Thanks for the post Weedygarden, and I'm sorry for your losses. 

I think it's worth mentioning that the grieving process can apply to other things besides death as well - there are many kinds of losses, and it's important that we give ourselves time and space to process as needed.


----------



## Jewel (Sep 6, 2014)

(((((((((( Weedygarden ))))) I'm so sorry for your losses. Much love, strength and healing for you.

I've had three very hard losses right in a row, two this year. I don't agree with the 5 stages although I'm sure they apply to some folk. I only go through 1 stage, guilt, anger and pain. I force myself into a different way of being by acknowledging that things are as they are and to be able to live (and I do love life) I have to keeping going and hang on to the light. The 1 stage never leaves me though, not even after 30 some years. I think that in my 50 years I've known more loss and pain than good and kindness but it's the good a cling to and allow to feed my soul.


----------



## bugoutbob (Nov 11, 2012)

The stages do not always flow in order and a person can transition back and forth between stages on a frequent and/or infrequent basis. While the stages of grieving are fairly typical/universal the actual process is intensely personal and no two are alike. Working as Christian pastor I often spend time working with people who have been through losses ranging from relatively minor to overwhelmingly traumatic. One day at a time, sometimes one minute at a time is often the best coping strategy for many people. Having a good support network can make the process far more tolerable.


----------



## forluvofsmoke (Jan 27, 2012)

Weedygarden, sorry for your losses. Being you have posted this, you know the healing process will continue over time, and to resist will lengthen or stop the process. To go with the flow will speed your healing...that's the good news. I wish the best to you and yours.



Jewel said:


> I've had three very hard losses right in a row, two this year. I don't agree with the 5 stages although I'm sure they apply to some folk. I only go through 1 stage, guilt, anger and pain. I force myself into a different way of being by acknowledging that things are as they are and to be able to live (and I do love life) I have to keeping going and hang on to the light. The 1 stage never leaves me though, not even after 30 some years. I think that in my 50 years I've known more loss and pain than good and kindness but it's the good a cling to and allow to feed my soul.

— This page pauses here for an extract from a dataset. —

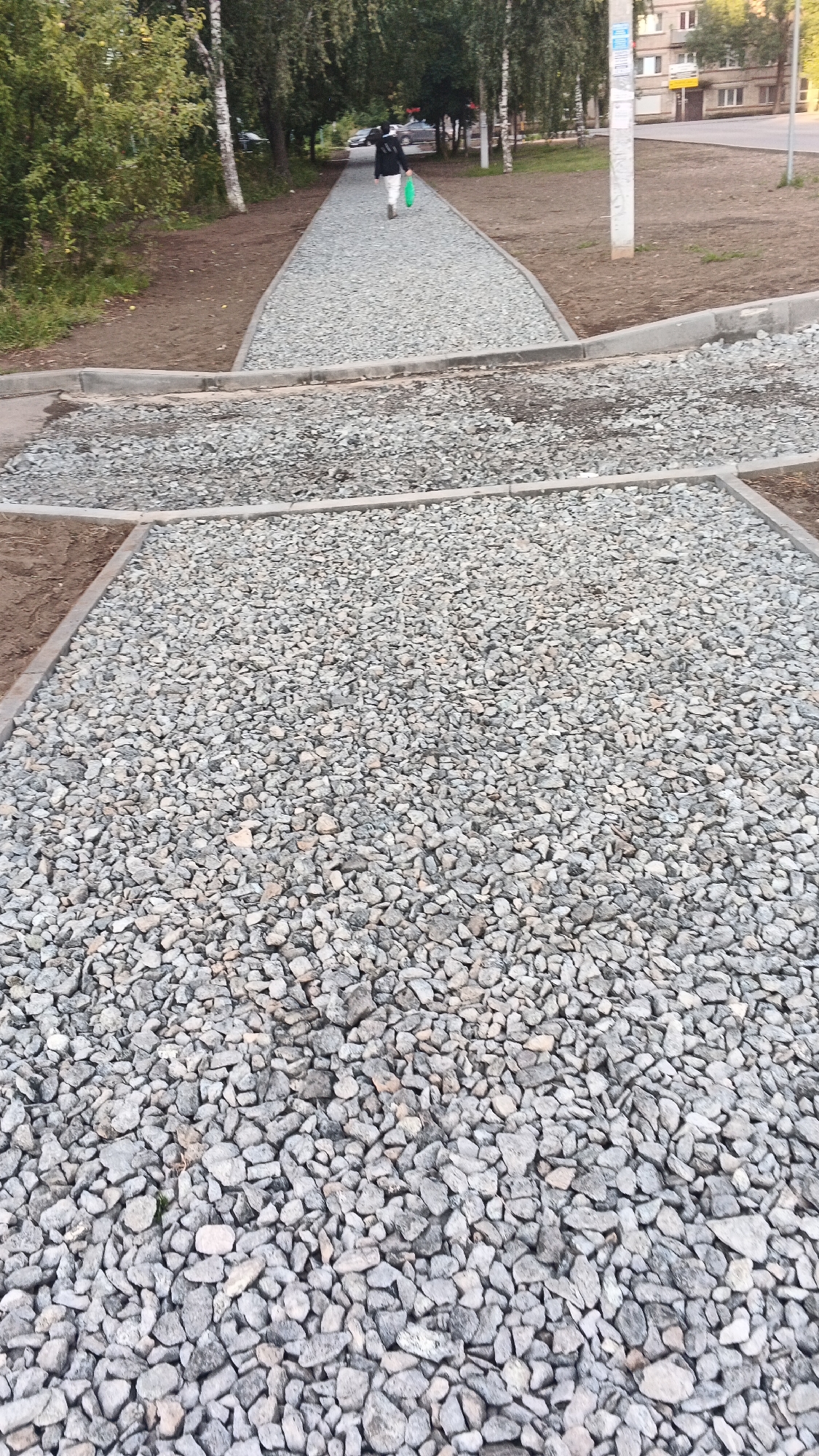 This is a low-angle, full-frame, vertical, eye-level, daytime, outdoor, street-level, wide shot image of a newly constructed or under-construction gravel pathway in a park or urban green space, likely in Izhevsk, Russia, as indicated by the architectural style of the building visible in the background and the foliage present. The pathway is composed of light gray crushed stone, which forms the foreground and extends into the midground. The pathway appears to be bordered by concrete curbs or edging. In the midground, a person is walking away from the camera along the gravel path, carrying a green bag. This individual is wearing a dark jacket and white pants. Beyond the path, trees with green foliage line the area, and a multi-story building with visible windows and some posters on a utility pole are present in the background, suggesting an urban environment. The ground surrounding the path is a mix of dirt and loose gravel, indicating ongoing construction or maintenance.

Jewel, We've lost 3 parents in a 2-yr stretch, one being very quick and unexpected, two being with aging with weakening health. I've had old friends from school as well as co-workers killed accidentally. I've had pets accidentally killed when I was a child. I've had relationships turn south and end on not such good terms, both personal and professional. I've had large and small material things go away unexpectedly. I listed these in order of most importance to me, and obviously the most difficult to deal with being first on the list, yet they all are a source for the same grieving process in varying degrees of difficulty and time...some of which I have not yet healed from, because I have not yet come to terms with it....maybe I'm just not ready...maybe I don't know how...maybe I never will...(I'm hopeful that the latter does not prove itself, but then I would never know for sure).

I hope you can find that place and time where you will accept your loss and come to terms with stage 1. If you don't, you will never truly know and experience what can follow, which I can't explain either, as it is different for everyone, but I can say it can be very detrimental to your well-being. All I can say is that for me, the losses I have come to terms with have given me a deeper peace.

If you hold onto guilt or anger, the pain can consume you...your life will never be what it should be, because you are not fully in control. In this state, happiness can be elusive, if not nonexistent. After-all, what is life without happiness?

I know this is different, well, somewhat...but as an example, when I gave my oldest daughter's hand in marriage, I told them both to _live well, be happy_. I said this because I knew that if they could achieve happiness, they would have everything they needed in life. What could be better than to always be happy? I'm not speaking of the true blissful, walking on clouds kind of happy, but, instead, the general, nothing bothers me and I'll find a way to keep on keepin' on kind of happiness...walking with a springy step and a cheerful, positive attitude. Wishful thinking? Maybe. Impossible? Depends on what we want out of life.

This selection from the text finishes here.